Version of smart_open prior to 5.0.0 used the boto3 resource API for communicating with S3. This API was easy to integrate for smart_open developers, but this came at a cost: it was not thread- or multiprocess-safe. Furthermore, as smart_open supported more and more options, the transport parameter list grew, making it less maintainable.
Starting with version 5.0.0, smart_open uses the client API instead of the resource API. Functionally, very little changes for the smart_open user. The only difference is in passing transport parameters to the S3 backend.

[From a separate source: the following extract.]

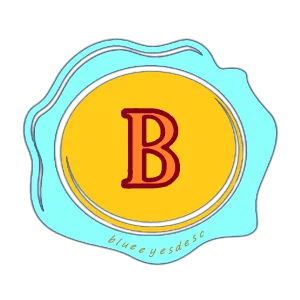 BLUE TOKEN LOGO  284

More specifically, the following S3 transport parameters are no longer supported:
- multipart_upload_kwargs
- object_kwargs
- resource
- resource_kwargs
- session
- singlepart_upload_kwargs
If you weren't using the above parameters, nothing changes for you.
However, if you were using any of the above, then you need to adjust your code. Here are some quick recipes below.
If you were previously passing session, then construct an S3 client from the session and pass that instead. For example, before:
smart_open.open('s3://bucket/key', transport_params={'session': session})
After:
smart_open.open('s3://bucket/key', transport_params={'client': session.client('s3')})
If you were passing resource, then replace the resource with a client, and pass that instead. For example, before:
resource = session.resource('s3', **resource_kwargs)
smart_open.open('s3://bucket/key', transport_params={'resource': resource})
After:
client = session.client('s3')
smart_open.open('s3://bucket/key', transport_params={'client': client})
If you were passing any of the *_kwargs parameters, you will need to include them in client_kwargs, keeping in mind the following transformations.
Parameter name | Resource API method | Client API function |
---|---|---|
multipart_upload_kwargs | s3.Object.initiate_multipart_upload | s3.Client.create_multipart_upload |
object_kwargs | s3.Object.get | s3.Client.get_object |
resource_kwargs | s3.resource | s3.client |
singlepart_upload_kwargs | s3.Object.put | s3.Client.put_object |
Most of the above is self-explanatory, with the exception of resource_kwargs. These were previously used mostly for passing a custom endpoint URL.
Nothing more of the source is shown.